A permanent loan describes a commercial real estate property’s first mortgage. They’re that variable-rate or fixed-rate loans most commercial lenders offer, resembling consumer mortgages. However, they have an extended amortization schedule than most business loans and are easily adjustable to fit your special needs.

Passive Commercial Real Estate Investments

To become a CRE investor, you don’t have to be active in managing your investment property. The following are some of the ways to earn passively through commercial real estate:

  • Real Estate Syndication

A commercial real estate syndication involves pooling funds from various investors to buy a commercial property. The syndication can be many investors purchasing a shopping center or a few investors acquiring a small office building.

The syndicator can use the raised capital for the project’s acquisition, construction, renovation, development, or tenant improvement. At the end of the project, the syndicator and investors share the profit. 

  • Real Estate Mutual Funds

Mutual funds are a low-cost alternative to most passive real estate investment choices. Similar to exchange-traded funds, mutual funds offer future returns that will help you attain financial freedom.

  • Exchange-Traded Funds

An exchange-traded fund or ETF entails grouping bonds or stocks into a single fund. However, ETFs come with lower costs and similar diversification like mutual and index funds.

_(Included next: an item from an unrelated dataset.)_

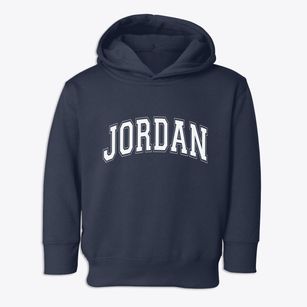 Jordan New York Varsity Toddler Hoodie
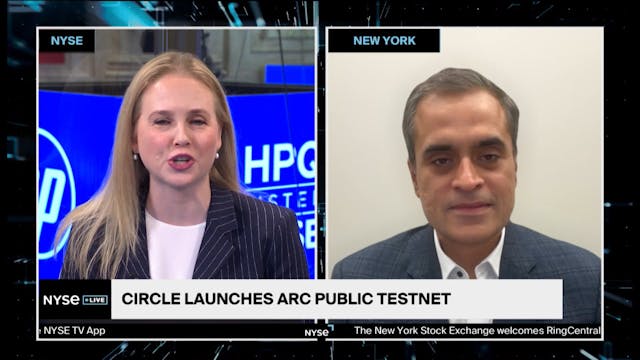 Circle’s Latest Launch Establishes Fi...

ETFs investors can invest in stocks through real estate investment trusts (REITs). These stocks might include hospitality, retail spaces, and office buildings.

  • Real Estate Investment Trusts (REITs)

You can diversify your portfolio by investing in multiple asset classes through real estate investment trusts. However,  go for publicly-traded REITs and stay away from non-traded REITs. 

Presently, non-traded REITs have become infamous for their higher fees, high risk, lack of transparency, and absence of liquidity. 

Take the First Steps to Invest In Commercial Real Estate

If you’ve read up to this point, you’ve probably learned the best way to invest in commercial real estate and decided CRE is an investment option you want to pursue. However, consider starting by finding a financial lender who will explain the loan options available to you according to your investment’s specific needs.

You’ll also speak to an experienced commercial real estate agent to know what to expect from the venture you’re planning to undertake. With the proper financial backing and the right project, you’re on your way to generating wealth and earning passive income sooner than you think.

Commercial Real Estate and Taxes

Suppose you’ve been asking “how much tax do you pay when you sell your house“, commercial real estate investors enjoy certain tax benefits with or without selling their properties. These benefits include but aren’t limited to:

  1. 1031 Tax-deferred Exchange

The 1031 exchange enables CRE investors to defer paying capital gains taxes once they exchange their sold property for a “like-kind” commercial property under a specified period. 

However, the like-kind property will be equal to or greater than the initial property. Another exception is that the first property shouldn’t be a primary residence (single-family home).

  1. Income Taxes Depreciation Deductions

Like other physical assets, commercial properties wear down with time, and investors can deduct a particular amount from their income taxes every year to handle this depreciation. Presently, the Internal Revenue Service (IRS) allows a 39-year commercial buildings depreciation for property owners.

  1. Interest Expense Tax Deductions

As a commercial real estate investor, you can deduct your commercial mortgage interest from your federal income taxes. Construction loans and similar high-interest financing borrowers will find this tax benefit quite helpful. 

Final Words

And it’s a wrap! Hopefully, you’ve learned the best way to invest in commercial real estate. Note that commercial real estate properties are usually more expensive than residential buildings. However, you can bank on its stability and passive income earning potential. 

Regardless of the CRE sector, you wish to begin your investment journey with, ensure you work with a reliable commercial real estate agent and speak to a lender for available loan options according to your investment needs.